It's 2016: Do You Know Where Your 401k Is?
Kansas City’s Blooom takes the jitters out of New York Stock Exchange gyrations.
Chris Costello, Kevin Conard and Randy AufDerHeide at Blooom's new HQ in Park Place, Leawood
You walk in and ask Chris Costello, “What’s the market doing today?” and he gives you a look that says, “How should I know?” and “Why should I care?”
You’re inclined to suggest that as CEO of a financial startup that’s targeting the nation’s 90 million 401ks, he probably should have a handle on whether the Dow is up or down, what interest rates are doing and how much oil the Saudis are going to pump in the next quarter.
Instead, you’re likely to get a lecture that you (as a member of the financial media) are what’s wrong with America today, that your incessant shrieking about this crisis or that, and your never-ending parade of pundits predicting economic doom and gloom, has scared investors out of billions in wealth, and that “chasing the market” has led far more people to financial ruin than riches.
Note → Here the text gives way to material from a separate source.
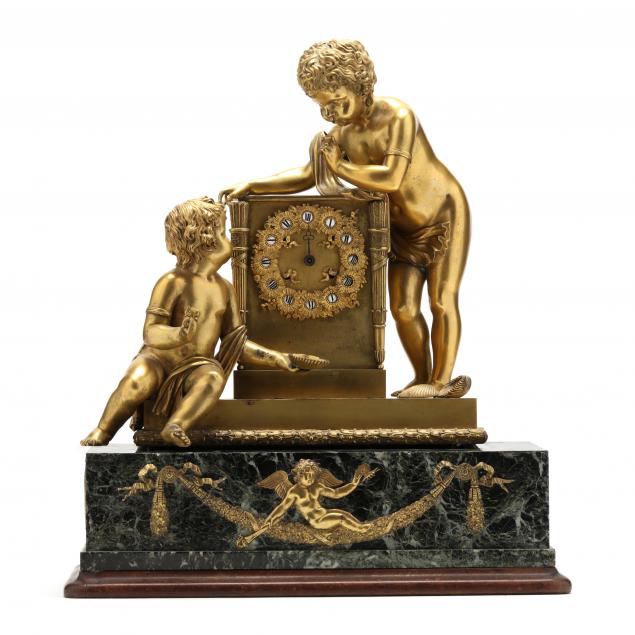 french-empire-gilt-bronze-and-marble-mantel-clock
“What the financial newspapers and magazines, and CNBC, have done is improperly trained people to believe that you can ‘beat the Street’ if you study the market, and you’ll reach your retirement goal. It’s complete BS. You sell a lot of newspapers and magazines when you have people screaming about the next financial crisis or the apocalypse du jour — that Chicken Little is right this time and the sky really is falling. But more wealth has been lost in this country because of bad advice than anything else (‘buying high and selling low’). It feeds into this whole performance-chasing business. What most Americans need is a good portfolio and not screw it up.”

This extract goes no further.